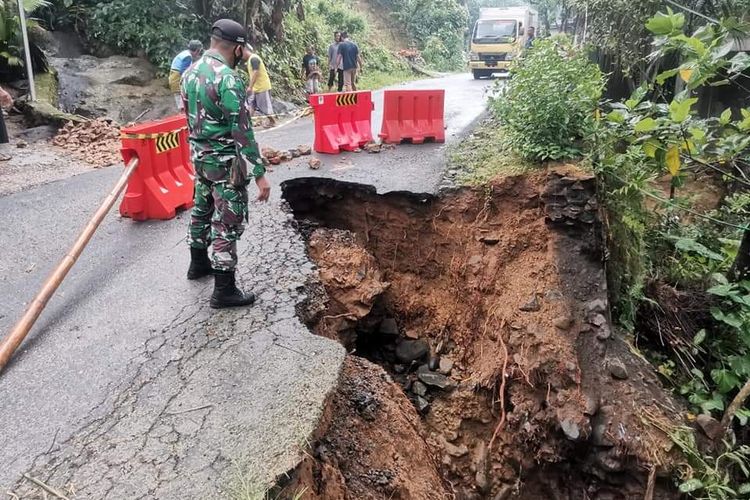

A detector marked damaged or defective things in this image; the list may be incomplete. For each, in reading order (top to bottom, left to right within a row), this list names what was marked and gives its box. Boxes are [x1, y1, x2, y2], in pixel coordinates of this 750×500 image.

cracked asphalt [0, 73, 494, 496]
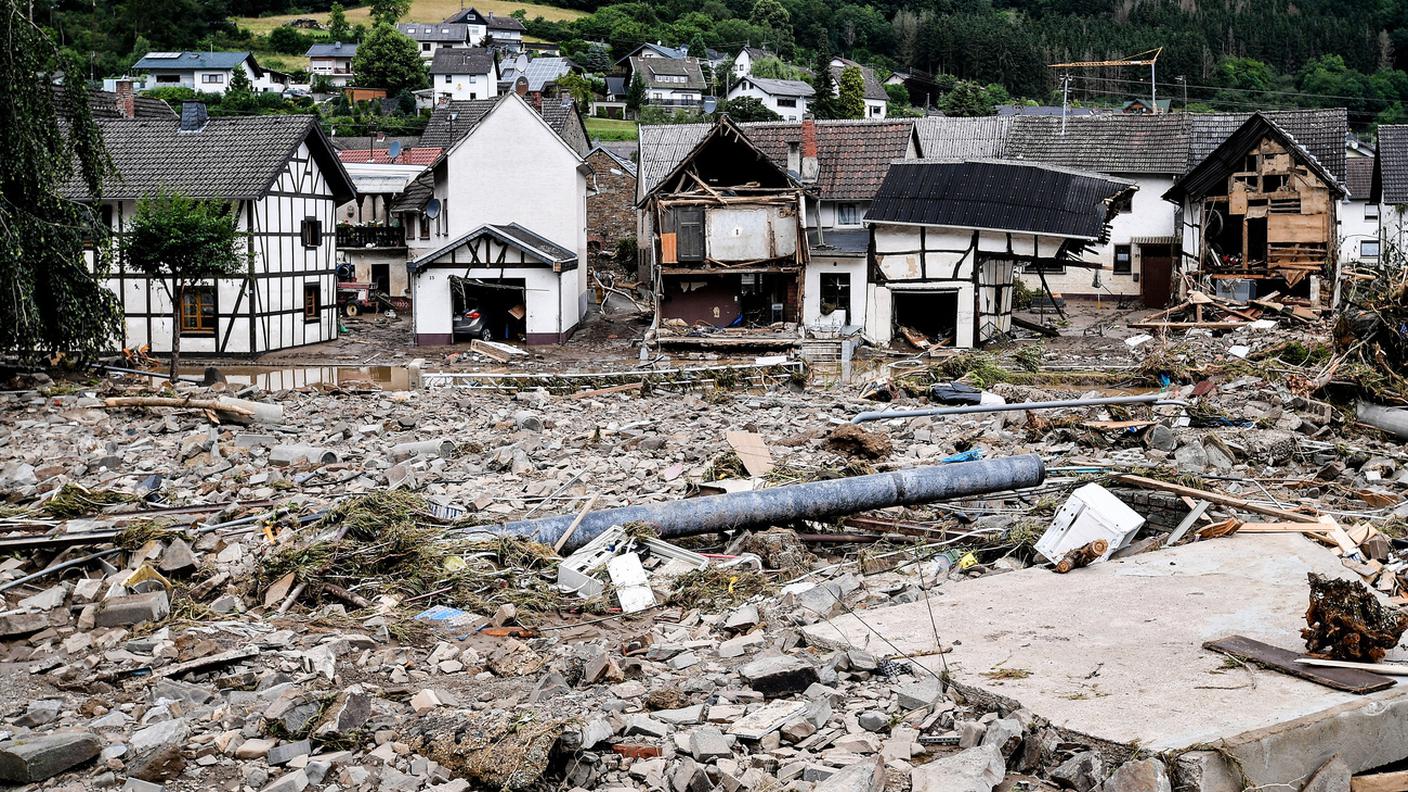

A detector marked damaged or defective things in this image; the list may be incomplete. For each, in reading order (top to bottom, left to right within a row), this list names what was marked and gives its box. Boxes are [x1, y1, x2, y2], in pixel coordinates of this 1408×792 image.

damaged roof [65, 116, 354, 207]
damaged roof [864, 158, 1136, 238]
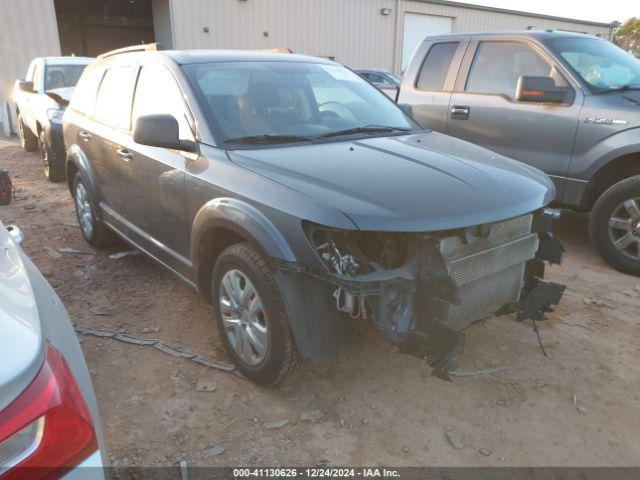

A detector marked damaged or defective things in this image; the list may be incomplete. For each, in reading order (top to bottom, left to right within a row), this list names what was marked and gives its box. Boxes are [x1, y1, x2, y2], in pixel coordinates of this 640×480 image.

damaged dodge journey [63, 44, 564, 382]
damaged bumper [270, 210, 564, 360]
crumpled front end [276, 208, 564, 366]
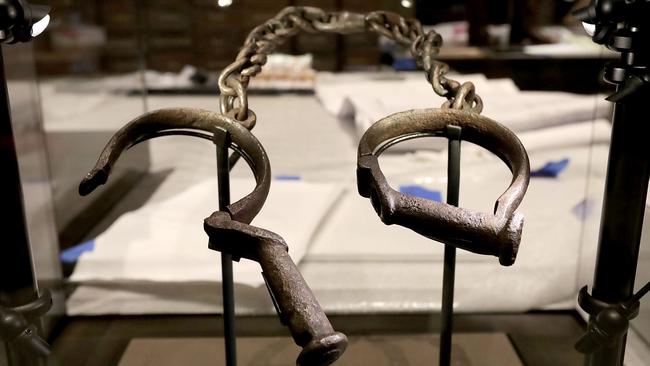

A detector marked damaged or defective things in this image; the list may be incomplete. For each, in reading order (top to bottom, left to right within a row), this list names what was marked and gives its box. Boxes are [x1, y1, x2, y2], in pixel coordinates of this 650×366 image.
-.-.-
— What you have to do —
Write out exactly the lines from the one containing "this 1408×792 image." through the end of the entries, both included. Pictures are not copied.

— Task output —
A detector marked damaged or defective things in this image; the list may be incomplete. For each, in reading order (top to bottom, left to right within a row), this list names what was marked and gives its box. Boxes are [x1, y1, x2, y2], in pixel coordinates of this 1408×792 image.

damaged roof [65, 116, 354, 207]
damaged roof [864, 158, 1136, 238]

A detector marked damaged or defective things in this image; the list may be incomplete. For each, in reading order (top to bottom, left to right within a row), this list names what was marked and gives its box. Boxes are [x1, y1, x2, y2], in pixel coordinates of this 640×480 image.

damaged dodge journey [63, 44, 564, 382]
damaged bumper [270, 210, 564, 360]
crumpled front end [276, 208, 564, 366]

A detector marked damaged or defective things in this image; the list may be incomplete. For each, in reading order (top to bottom, left to right within a row), this list names what was marked and gives its box. Boxes are [x1, y1, x2, y2], in pixel coordinates of this 650×366 image.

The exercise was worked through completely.